Memory Management¶
Deep Understanding Required
Memory management is a critical topic for Linux Internals interviews. Expect questions that go from high-level concepts down to kernel implementation details, especially around malloc() and virtual memory.
Overview¶
Linux uses sophisticated memory management to provide each process with its own virtual address space while efficiently using physical RAM.
Memory Management Unit (MMU)¶
The MMU is a hardware component that translates virtual addresses to physical addresses.
MMU Functionality¶
graph LR
A[CPU generates Virtual Address] --> B[MMU]
B --> C[Page Table Lookup]
C --> D[Physical Address]
D --> E[Physical RAM]
C --> F[Page Fault]
F --> G[Kernel Handler]
MMU Operations:
- Address Translation: Virtual → Physical using page tables
- Access Control: Check read/write/execute permissions
- Cache Management: TLB (Translation Lookaside Buffer) for fast lookups
- Page Fault Generation: When page not in memory
Translation Lookaside Buffer (TLB)¶
The TLB is a cache of recent virtual-to-physical address translations.

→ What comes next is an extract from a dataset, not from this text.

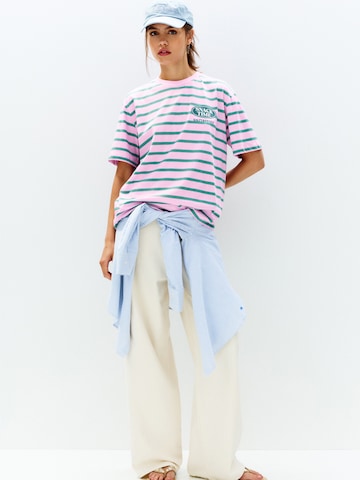 Pull&Bear Koszulka 'TACOS' w kolorze fioletowy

- Purpose: Speed up address translation
- Size: Typically 64-512 entries
- Performance: TLB hit ~0 cycles, TLB miss ~100+ cycles
- Management: Flushed on context switch (expensive!)

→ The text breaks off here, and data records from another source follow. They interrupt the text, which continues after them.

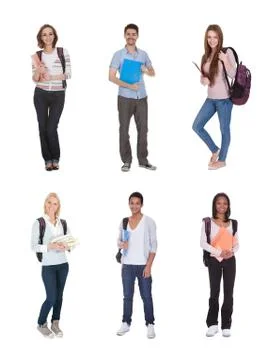Multi racial of group of students Stock Photos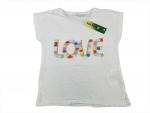 T-Shirt Gr. 92/98 H&M weiß mit LOVE Fädchenfähnchen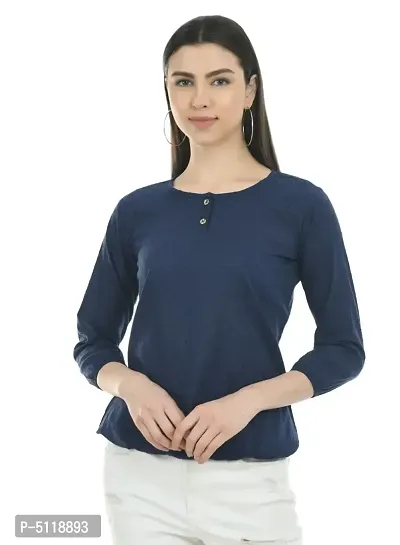 Stylish Navy Blue Cotton Solid Round Neck Tops For Women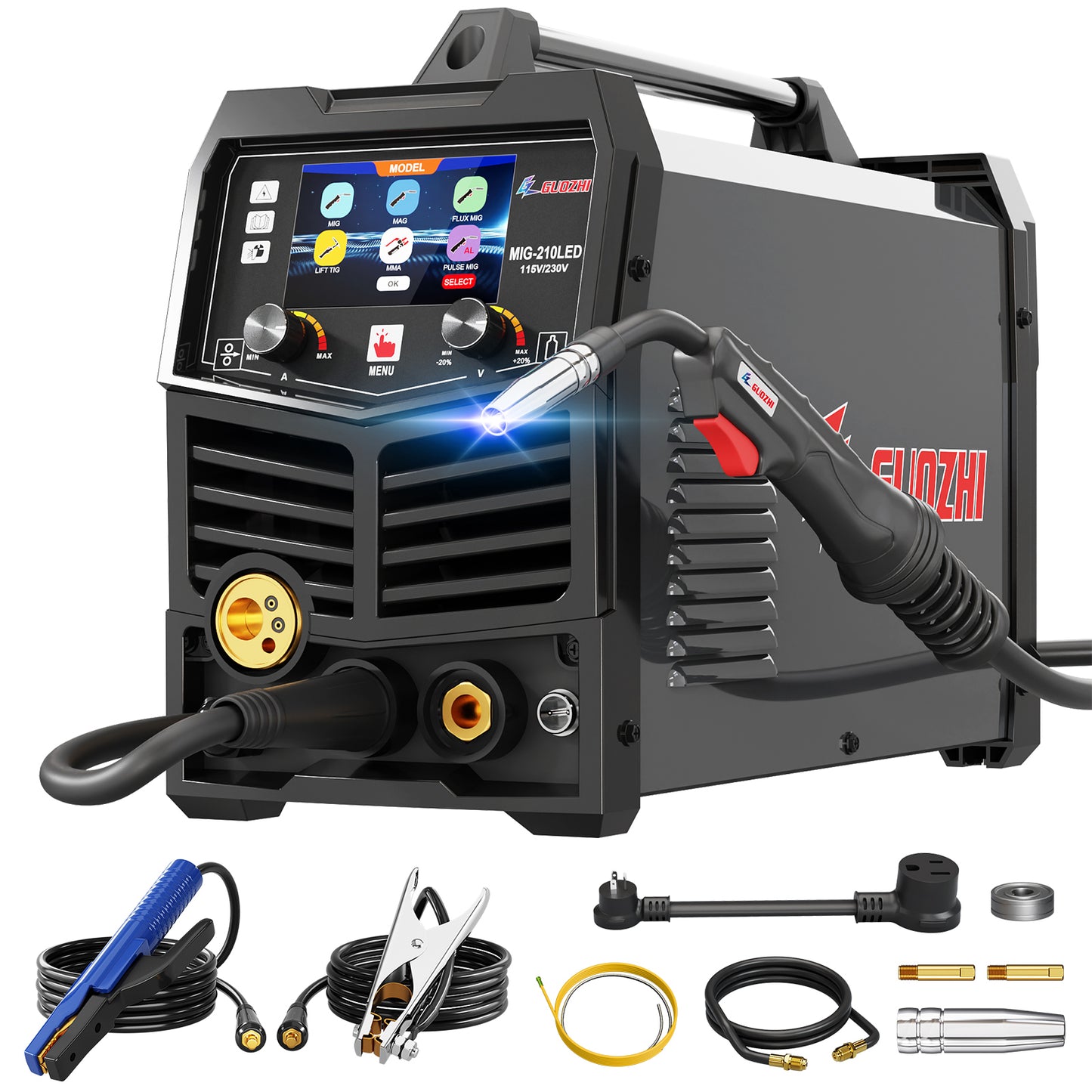 GZ GUOZHI 110V/220V 200A MIG Welder, 7 in 1 Multi-Process Welding Machine, Gas MIG/MAG, Gasless Flux Core MIG, Lift TIG, Stick, Spot Welding, Spool Gun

Virtual Memory vs Physical Memory¶
Virtual Memory¶
- Per-process: Each process has its own address space
- Size: 32-bit: 4GB, 64-bit: 256TB (typical limit)
- Isolation: Processes can't access each other's memory
- Continuous: Appears as continuous block to process
Physical Memory (RAM)¶
- Shared: All processes share physical RAM
- Limited: Actual RAM size (e.g., 8GB, 16GB)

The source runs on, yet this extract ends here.